Insulin resistance during late gestation might act as 1 etiologic factor causing pregnancy toxemia in ewes. Evaluation of pancreatic insulin secretion and peripheral insulin sensitivity in ewes with differing susceptibility to pregnancy toxemia and in ketotic ewes. Pregnant ewes suffering from (PT, n=5) and ewes with high (HR, n=7) and low risk (LR, n=5) of being affected by pregnancy toxemia.
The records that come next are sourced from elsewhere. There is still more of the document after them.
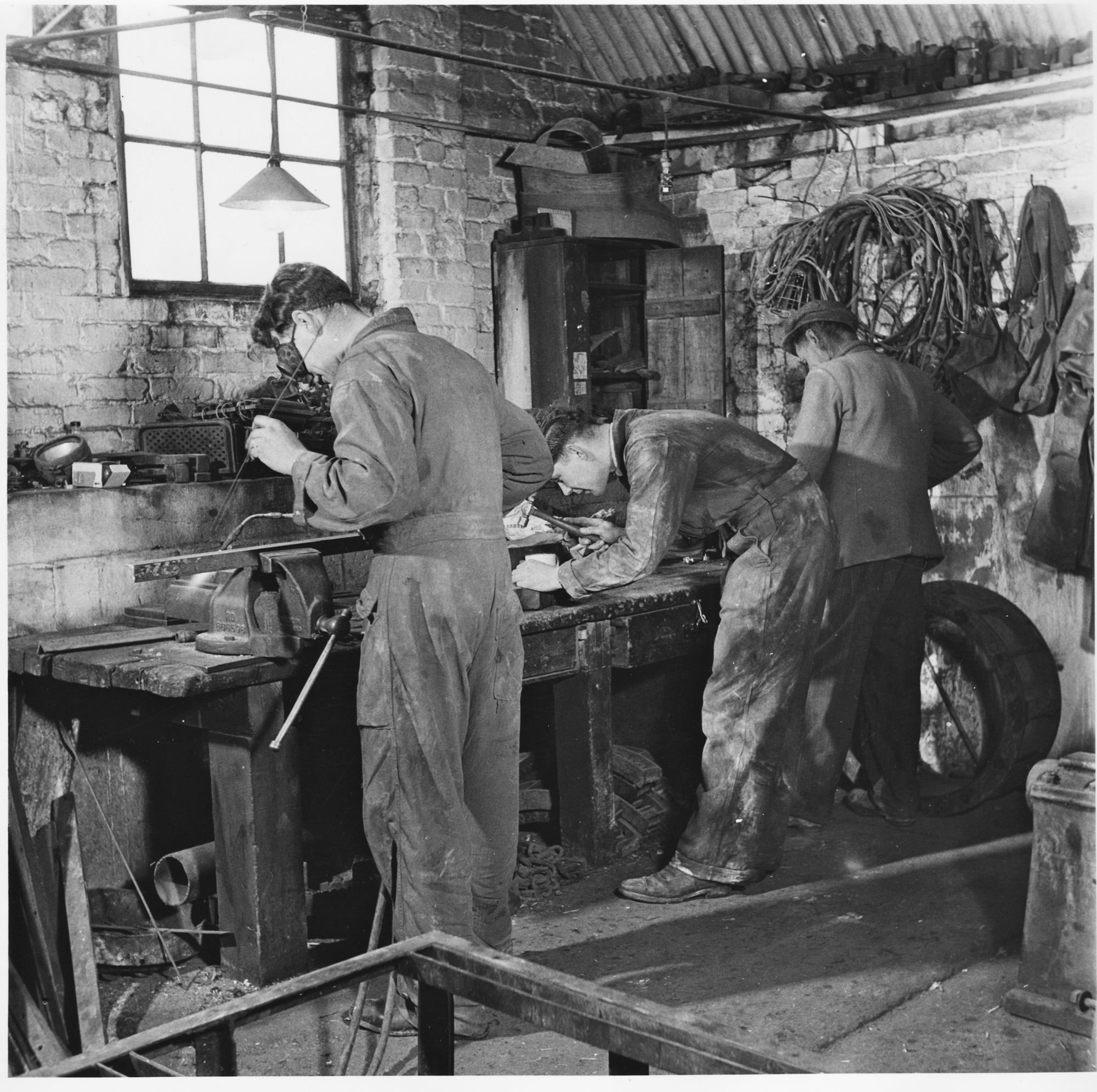 vices-and-work-bench Engineering Workshop in the1950s with H&S welding googles.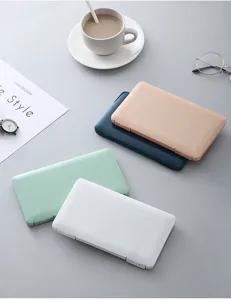 Nahaufnahme von pastellfarbenen Kunststoff-Aufbewahrungsboxen auf einem ordentlichen Schreibtisch.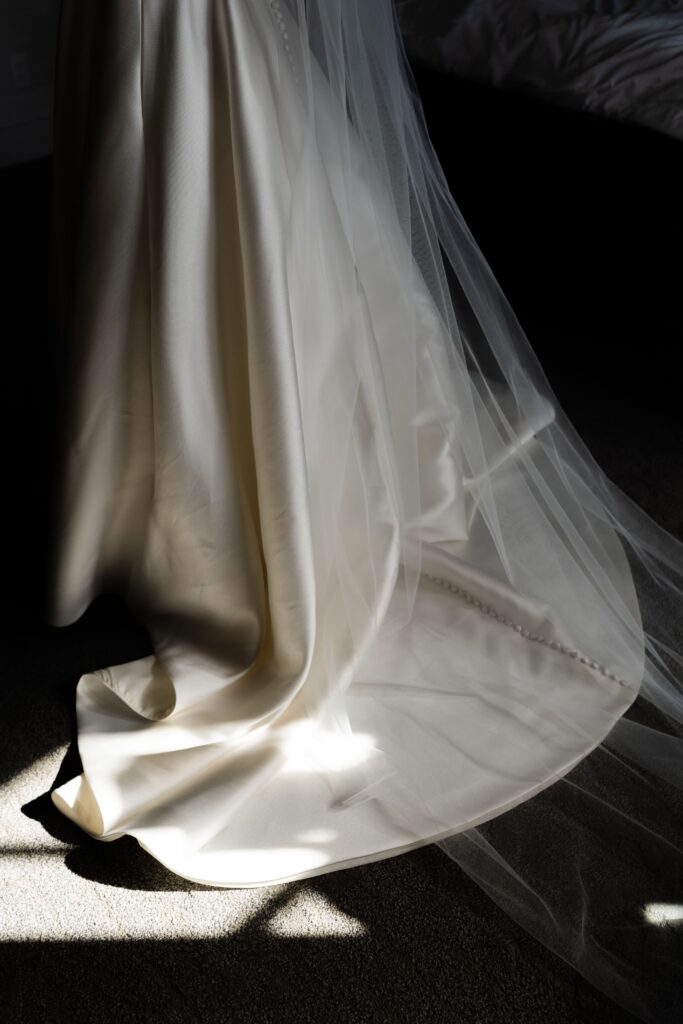 the bride's dress and veil in the sunlight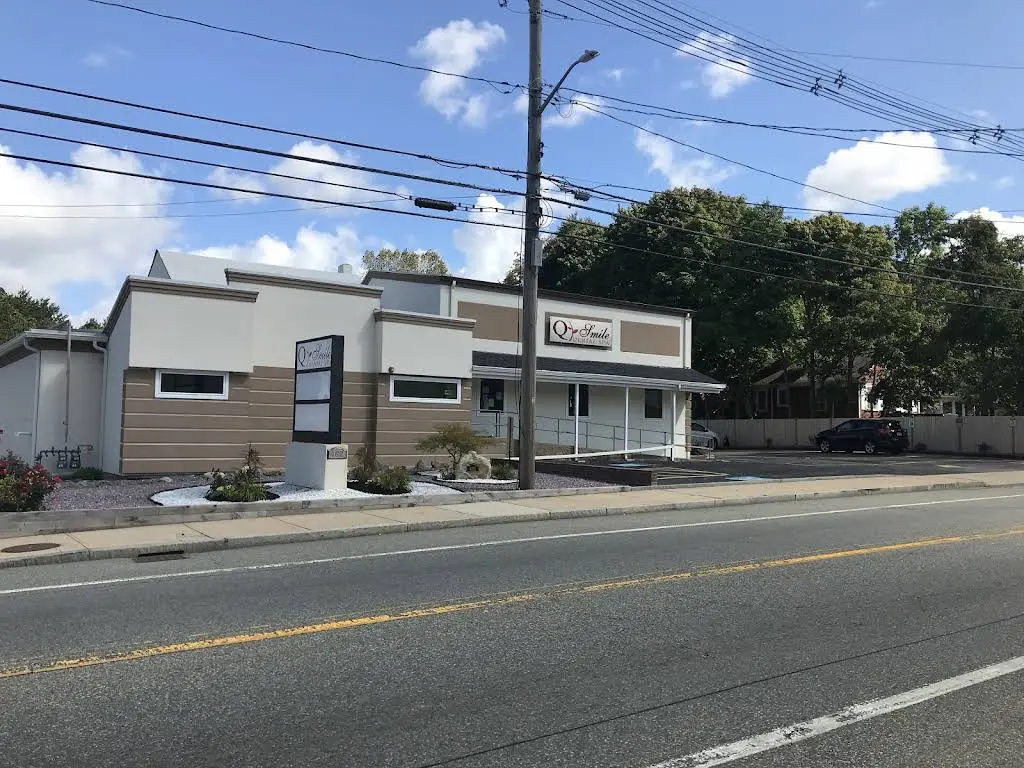 Q Smile Dental Spa - Professional dental clinic exterior with modern facilities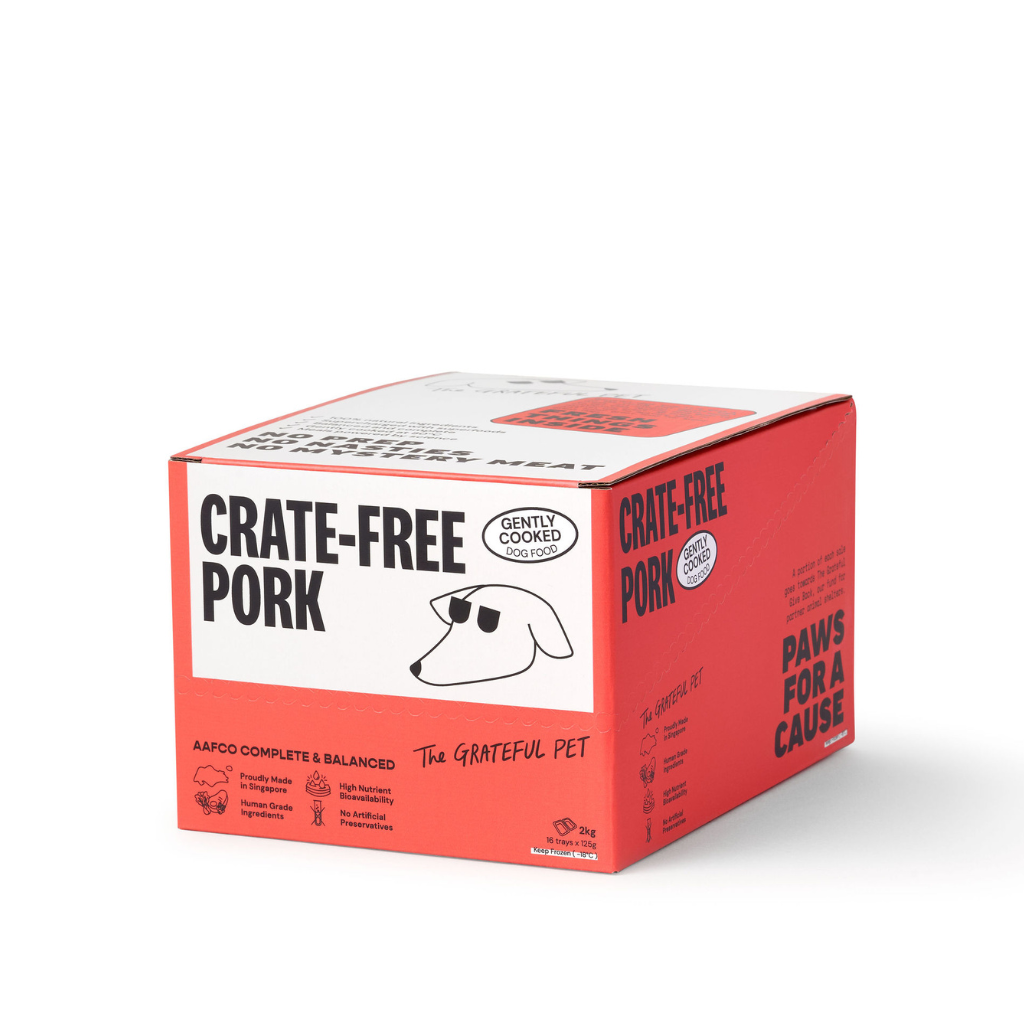 Box of 'Crate-Free Pork' pet food with branding and text on a white background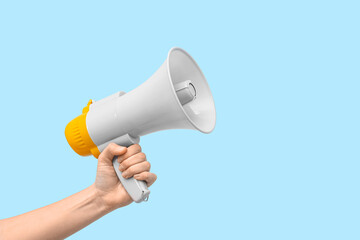 Female hand with megaphone on blue background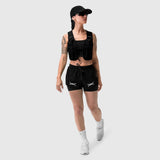 W025 Tetra-Lite Liner Short in black, modeled with matching vest and cap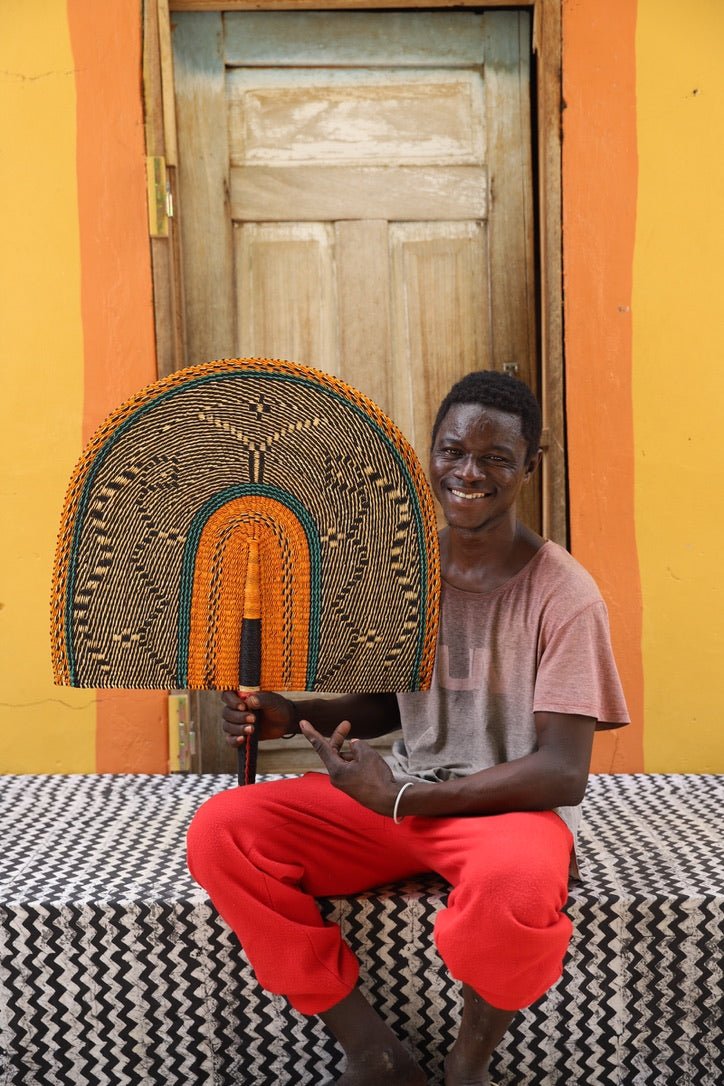 Naba Pengo Fan by The Baba Tree. Premium handwoven elephant grass wall art and artisanal Bolgatanga home decor.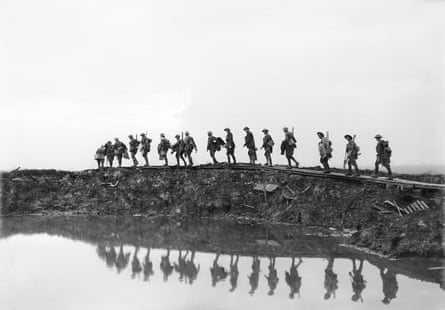 ‘Supporting troops of the 1st Australian Division walking on a duckboard track near Hooge, in the Ypres sector. They form a silhouette against the sky as they pass towards the front line to relieve their comrades, whose attack the day before won Broodseinde Ridge and deepened the Australian advance.’ 5 October 1917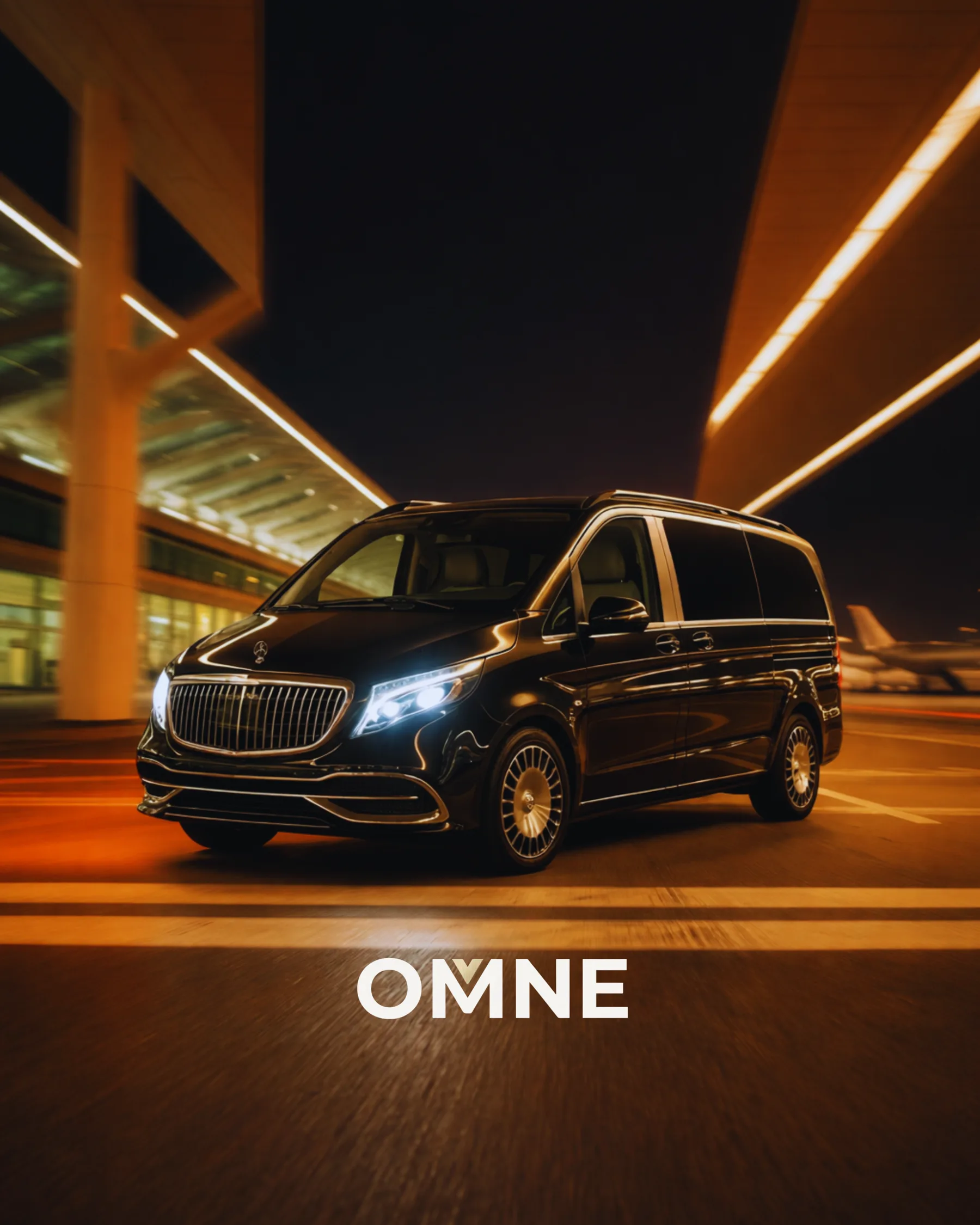 A black Mercedes-Maybach waiting outside an airport terminal at night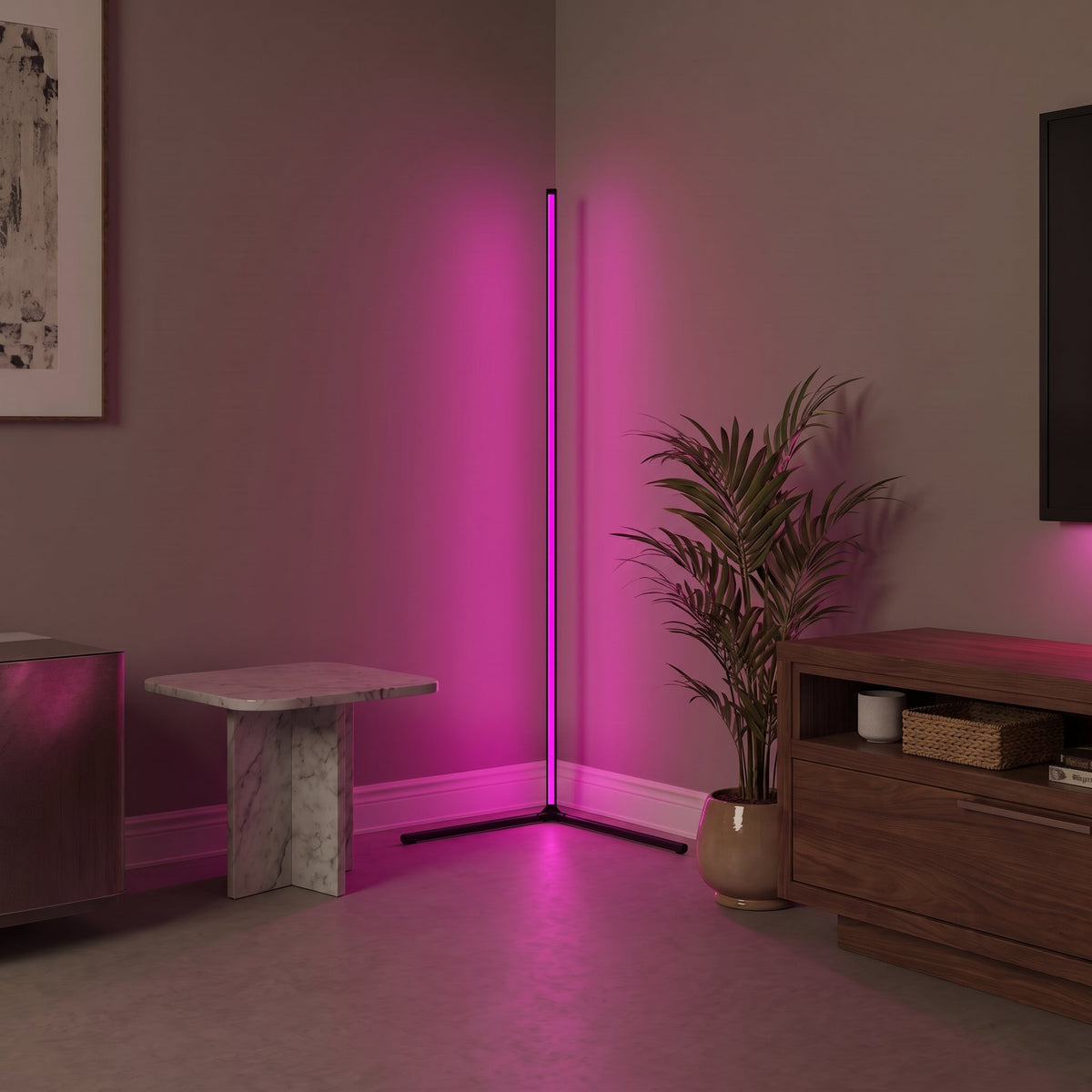 Pulse RGB Floor Lamp — magenta glow in living room with plant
In a case-control study, the pancreatic insulin release and the peripheral insulin sensitivity were assessed by means of the intravenous glucose tolerance test with subsequent measurement of the plasma concentrations of glucose, insulin, nonesterified fatty acids (NEFA), and β-hydroxybutyrate (β-HB). The ewes were tested during late pregnancy within 5 and 15days antepartum. The insulin secretion after glucose administration was significantly lower in the HR and PT than in the LR ewes. The baseline rate of lipolysis was significantly increased in the HR ewes, but the NEFA clearance was similar in both risk groups, albeit delayed in the PT ewes. The baseline β-HB concentration was significantly higher in the PT than in the HR and LR ewes. In the HR and in the PT ewes, the plasma β-HB concentrations did not decrease after glucose administration. There is reduced pancreatic first-phase insulin response and impaired insulin-dependent inhibition of the ketone body formation during late pregnancy in the HR and PT ewes. This insulin resistance might represent 1 causative factor in the pathogenesis of ovine pregnancy toxemia.